He struck—and the stranger's guise fell off,
And a phantom form stood there—
A grinning, and ghastly, and horrible thing,
With rotten and mildewed hair!
And they struggled awhile, till the stranger blew
A blast of his withering breath;
And the Bacchanal fell at the phantom's feet,
And his conqueror was—Death.

“I would not live always.”—B. B. Thatcher.

Earth is the spirit's rayless cell;
But then, as a bird soars home to the shade
Of the beautiful wood, where its nest was made,
In bonds no more to dwell;—
So will its weary wing
Be spread for the skies, when its toil is done,
And its breath flow free, as a bird's in the sun,
And the soft, fresh gales of spring.
O, not more sweet the tears
Of the dewy eve on the violet shed,
Than the dews of age on the “hoary head,”
When it enters the eve of years.
Nor dearer, mid the foam
Of the far-off sea, and its stormy roar,
Is a breath of balm from the unseen shore,
To him that weeps for home.

395

Wings, like a dove, to fly!—
The spirit is faint with its feverish strife;—
O, for its home in the upper Life!
When, when will Death draw nigh!

The Disimbodied Spirit.—Peabody.

O sacred star of evening, tell
In what unseen, celestial sphere,
Those spirits of the perfect dwell,
Too pure to rest in sadness here.
Roam they the crystal fields of light,
O'er paths by holy angels trod,
Their robes with heavenly lustre bright,
Their home, the Paradise of God?
Soul of the just! and canst thou soar
Amidst those radiant spheres sublime,
Where countless hosts of heaven adore,
Beyond the bounds of space or time?—
And canst thou join the sacred choir,
Through heaven's high dome the song to raise,
Where seraphs strike the golden lyre
In everduring notes of praise?
Oh! who would heed the chilling blast,
That blows o'er time's eventful sea,
If bid to hail, its perils past,
The bright wave of eternity!
And who the sorrows would not bear
Of such a transient world as this,
When hope displays, beyond its care,
So bright an entrance into bliss!

396

Lines on hearing of the Death of Garafilia Mohalbi.—Mrs. Sigourney.

Sweet bird of Ipsera! that fled
From tyrants o'er the tossing sea,
And on the winds of freedom shed
Thy wildly classic melody,—
Love at thy tender warbling woke,
A foreign land was home to thee,
And stranger voices fondly spoke
The welcome of paternity.
Why was thy tarrying here so brief,
Thou sheltered in affection's breast?
Here were no woes to wake thy grief,
Nor dangers to corrode thy rest.
Ah! thou had'st heard of that blessed clime
Where everlasting glories beam:—
Perchance its groves and skies sublime
Had burst upon thy raptured dream.
Thy bright wing spread.
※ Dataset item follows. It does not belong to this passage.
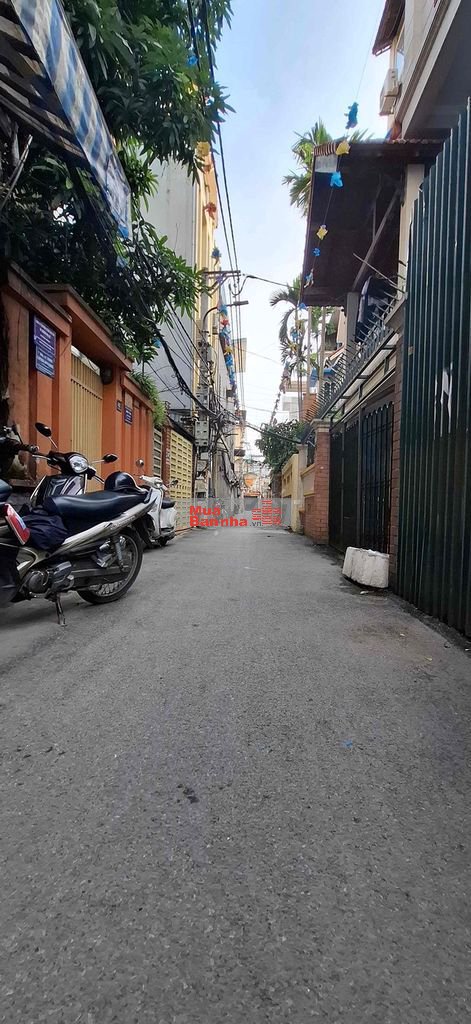 PHÂN LÔ Ô TÔ ĐỖ CỬA - DÒNG TIỀN - ĐÓN DỰ ÁN CẦU TỨ LIÊN - VEN SÔNG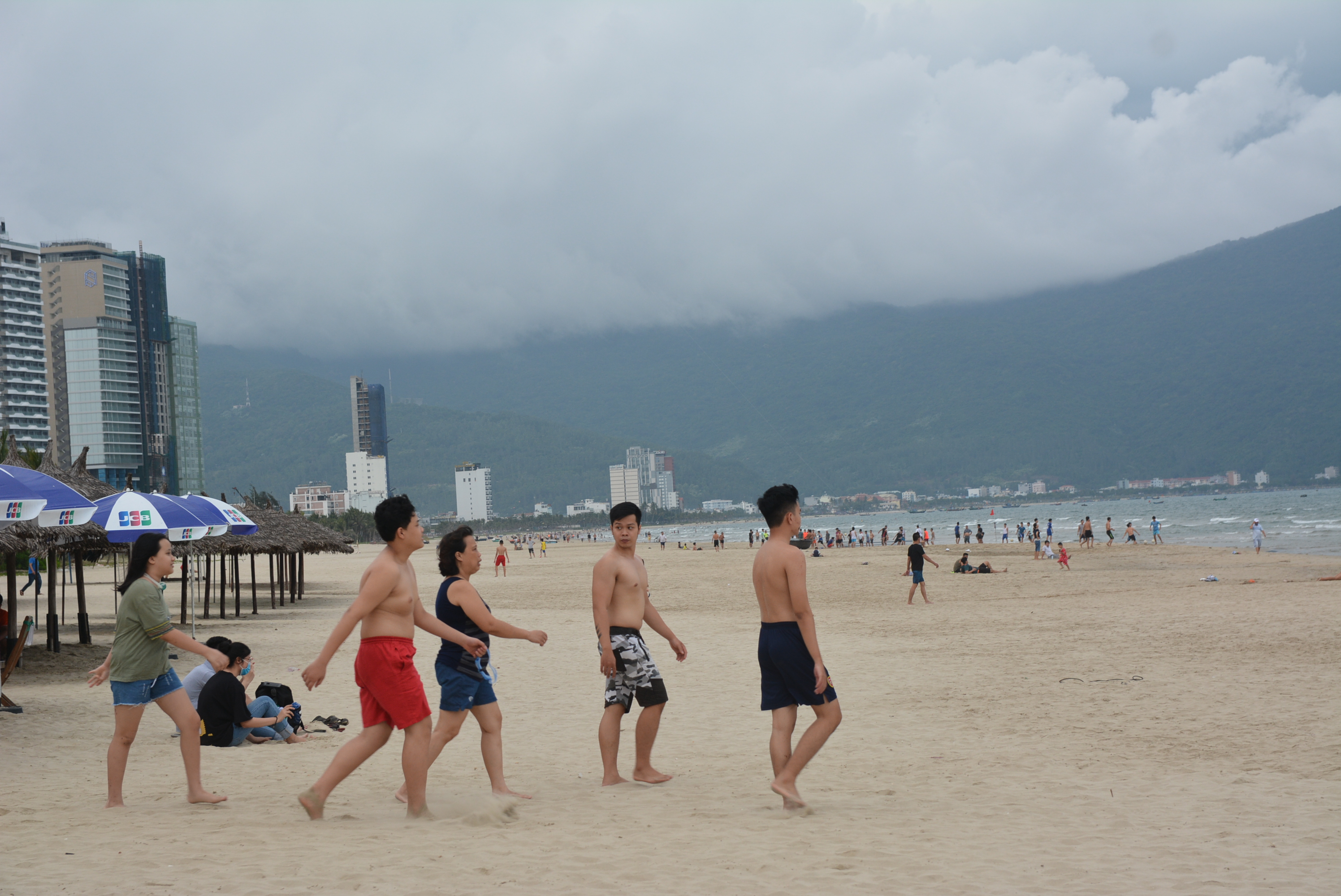 Người Đà Nẵng quá nhớ biển, đi tắm đông đúc ngày đầu tiên hết cách li xã hội - Ảnh 3. Người Đà Nẵng quá nhớ biển, đi tắm đông đúc ngày đầu tiên hết cách li xã hội - Ảnh 3.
Should aught detain
The prisoner in a cage of clay,
When, echoing from the heavenly plain,
Congenial tones forbid delay?
No: where no archer's shaft can fly,
No winter check the tuneful sphere,
Rise, wanderer, to thy native sky,
And warble in a Savior's ear.

Crossing the Ford.—O. W. H.

Clouds, forests, hills, and waters!—and they sleep
As if a spirit pressed their pulses down,
From the calm bosom of the waveless deep
Up to the mountain with its sunlit crown,
Still as the moss-grown cities of the dead,
Save the dull plashing of the horse's tread.
And who are they that stir the slumbering stream?
Nay, curious reader; I can only say

397

That, to my eyes of ignorance, they seem
Like honest rustics on the homeward way;
There is a village; doubtless thence they came;
There was a christening; and they have a name.
They are to us, like many a living form,
The image of a moment; and they pass
Like the last cloud that vanished on the storm,
Like the last shape upon the faithless glass;
By lake, or stream, by valley, field, or hill,
They must have lived; perchance are living still.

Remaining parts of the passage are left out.